Jeremy Bash, a former Chief of Staff at both the CIA and Defense Department said on MSNBC that Trump was “assembling a war cabinet”. Given the direction of his team, this seems hard to argue with. With less mediating influences at his side, Trump will be less likely to hear opposing arguments from more dovish staff. Instead his views on Iran may be blindly accepted in an echo chamber where voices of dissent are minimal. Ironically, Trump ran on a platform based partly on withdrawing the US from expensive overseas wars, but he has constantly reaffirmed his commitment to increase military spending since he took office.

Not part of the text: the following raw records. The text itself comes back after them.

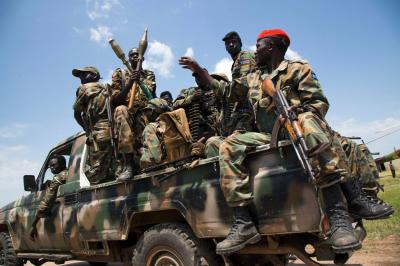 Absence of Sudanese Army Weakens Ceasefire Talks
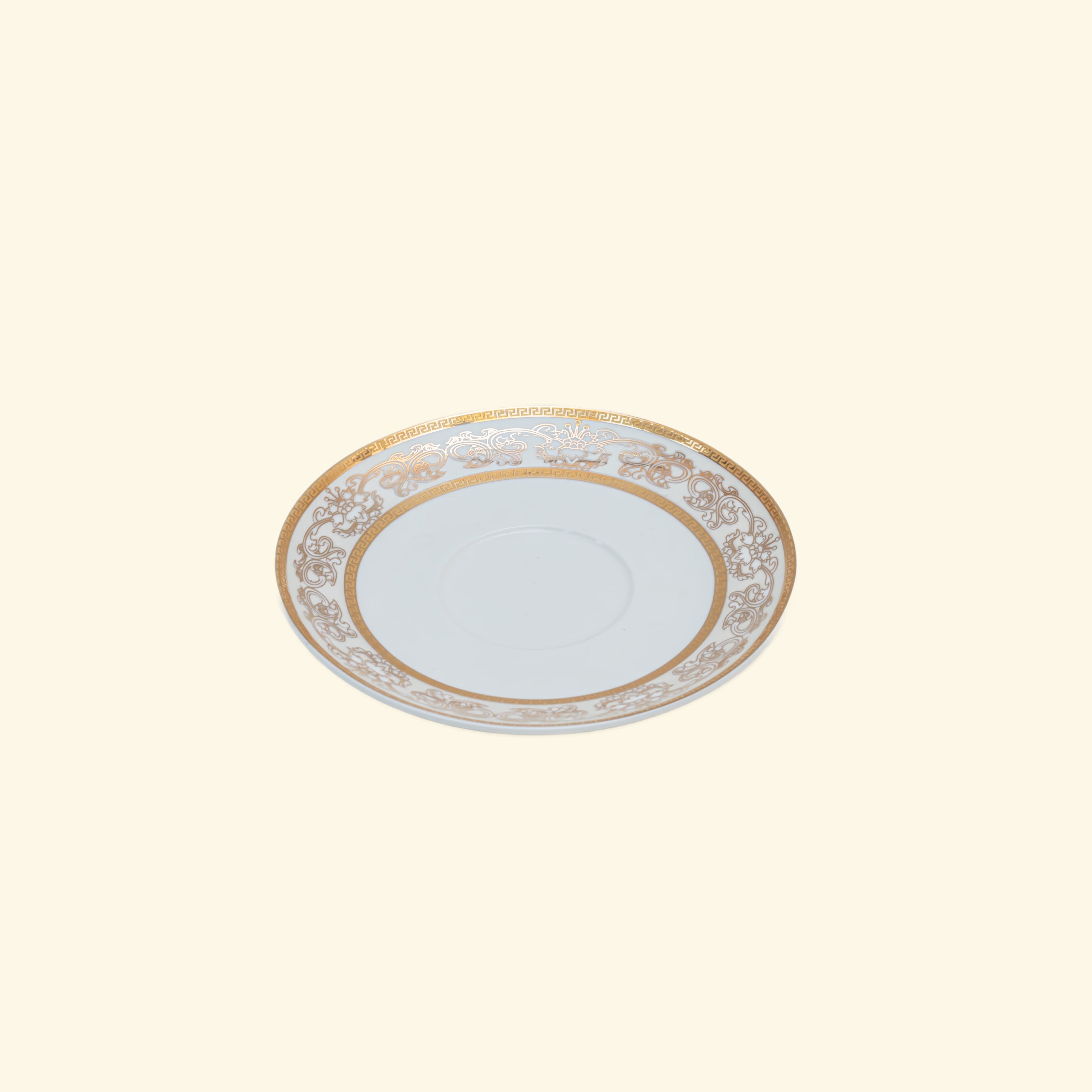 Cup & Saucer Set of (6+6)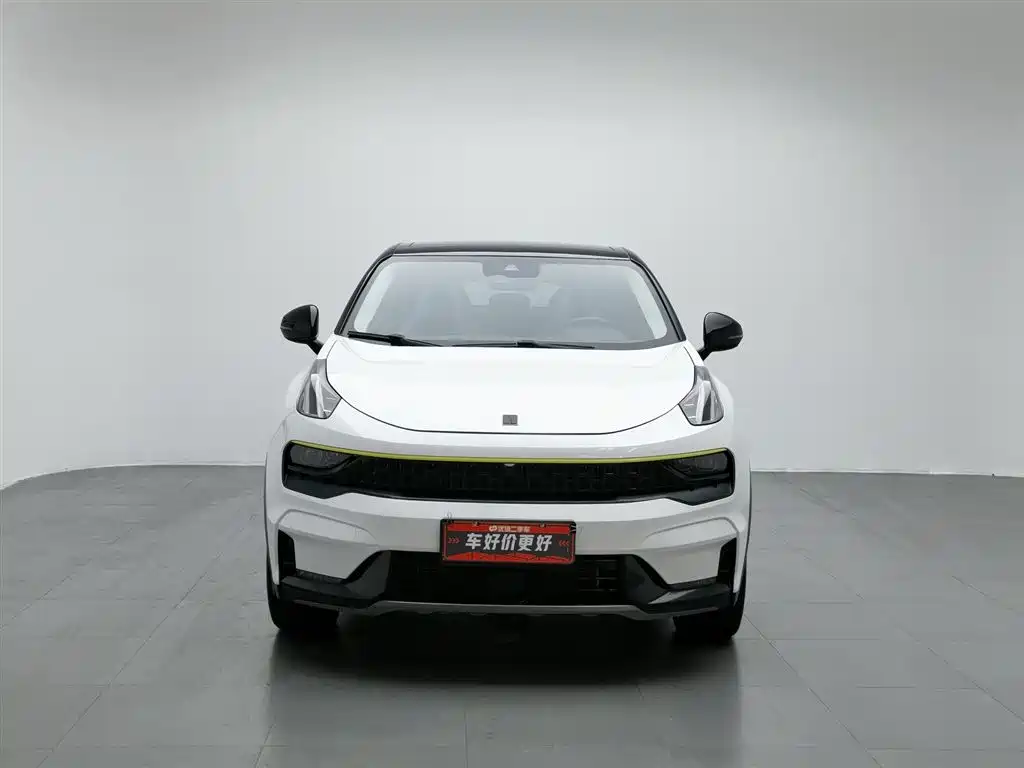 Lynk & Co 05 2020 2.0TD 2WD Shine Halo фото 3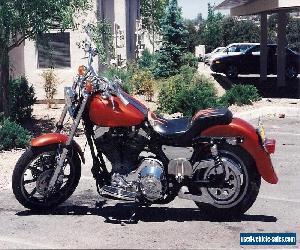 1989 Harley-Davidson FXRP Evolution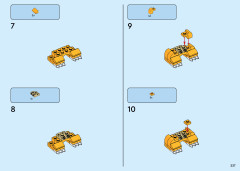 LEGO 71408 instructions page 237 – build guide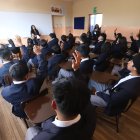 El Ministerio de Educación informó que los estudiantes de Quito regresarán a clases presenciales desde el lunes 30 de septiembre de 2024.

A war in Korea has been made less likely thanks to Kim Jong Un approaching South Korean leader Moon Jae In, but a question mark still hangs over the Middle East, not only because of the possibility Trump will scrap the Iranian nuclear deal, but also the prospect of a conflict erupting over Syria, where Russian forces are still propping up the Assad regime. Just last month, The Guardian reported that scores of Russian mercenaries had been killed by US airstrikes in the country as the US attacked pro-regime forces. If events like this continue to occur, the prospect of a confrontation between the US and Russia rises. Russia already resents the fact that NATO military buildup on its borders in Eastern Europe, and it goes without saying what a war between the two could mean for the global economy.

None of this is good news for the world as a whole, except those in the military-industrial complex who hold stock in military companies!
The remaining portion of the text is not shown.